Some research questions might require the application of different research methods: quantitative, qualitative, mixed. Anyway, the empirical observations result in data, a “more or less systematic collection of instances of language in use” (Coupland & Jaworski 1997: 70). As Stubb (2004: 111) claims: “No linguist can now ignore corpus data”. Some database regarding language use are also made of data resulting from census, surveys, polls and questionnaires.
The advent of computerized corpora has provided a kind of paradigm shift in linguistic description and use and in the application of corpus and database findings (Sinclair, 1991).

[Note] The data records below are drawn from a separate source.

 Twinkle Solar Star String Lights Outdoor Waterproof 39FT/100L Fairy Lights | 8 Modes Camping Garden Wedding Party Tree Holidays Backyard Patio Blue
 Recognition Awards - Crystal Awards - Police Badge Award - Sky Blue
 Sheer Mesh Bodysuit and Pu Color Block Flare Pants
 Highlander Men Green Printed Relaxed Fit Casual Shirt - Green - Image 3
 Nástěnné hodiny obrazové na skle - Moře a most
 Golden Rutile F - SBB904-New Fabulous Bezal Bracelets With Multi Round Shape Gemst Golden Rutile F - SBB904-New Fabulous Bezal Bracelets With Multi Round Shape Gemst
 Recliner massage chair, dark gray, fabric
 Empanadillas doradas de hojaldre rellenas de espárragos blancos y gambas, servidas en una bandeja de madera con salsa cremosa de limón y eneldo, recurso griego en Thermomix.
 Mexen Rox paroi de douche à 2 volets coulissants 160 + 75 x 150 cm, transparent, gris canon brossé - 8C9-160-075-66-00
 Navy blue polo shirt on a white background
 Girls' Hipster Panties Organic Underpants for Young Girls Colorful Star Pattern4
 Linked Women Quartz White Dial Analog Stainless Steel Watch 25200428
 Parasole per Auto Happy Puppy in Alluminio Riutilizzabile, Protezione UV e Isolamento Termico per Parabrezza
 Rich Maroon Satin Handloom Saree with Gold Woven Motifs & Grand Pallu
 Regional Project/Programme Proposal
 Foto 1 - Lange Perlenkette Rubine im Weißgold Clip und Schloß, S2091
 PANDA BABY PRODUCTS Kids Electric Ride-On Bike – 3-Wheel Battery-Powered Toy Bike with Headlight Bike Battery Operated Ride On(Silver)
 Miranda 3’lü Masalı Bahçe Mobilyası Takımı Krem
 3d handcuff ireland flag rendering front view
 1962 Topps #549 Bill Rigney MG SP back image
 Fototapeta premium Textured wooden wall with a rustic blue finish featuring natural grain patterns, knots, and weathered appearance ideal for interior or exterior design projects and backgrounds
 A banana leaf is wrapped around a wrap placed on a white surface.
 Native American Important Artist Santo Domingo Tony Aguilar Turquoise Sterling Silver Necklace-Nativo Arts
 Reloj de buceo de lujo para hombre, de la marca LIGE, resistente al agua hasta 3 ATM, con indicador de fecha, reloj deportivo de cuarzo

But there are still questions and problems to be solved:
- Many corpora and database have been designed to be available, but much data is still published in proprietary, closed formats and is not made available on the web. Building valid and reliable corpora or database is time- and resources-consuming work. E.g., to transcribe a one hour interview can take up to one day and even longer, to design and operationalize a questionnaire can take months or years. Many scholars decide not to make them available.
- Furthermore corpora are often annotated (tagged, parsed) for additional information, and different corpora annotation strategies can be employed, as different standards exist. Census and surveys use different questions, so sometimes is impossible to compare results.
- Also in corpora and database that have been designed to be available, data and relevant metadata are spread among different repositories and it is currently impossible to query all these repositories in an integrated fashion, as they use different data models and vocabularies.
Recently, something is changing. Experts and practitioners in language resources have started recognizing the benefits of open data and, in particular, of the linked data (LD) paradigm for the representation and exploitation of linguistic data on the Web, leading to an emerging ecosystem of multilingual open resources in which datasets of linguistic data are interconnected and represented following common vocabularies, which facilitates linguistic information discovery, integration and access (Chiarcos, Hellmann, Nordhoff, 2011).
The aim of my presentation is to discuss the previous issues and to stress that research can benefit by the interoperability and the integration of linguistic resources and data.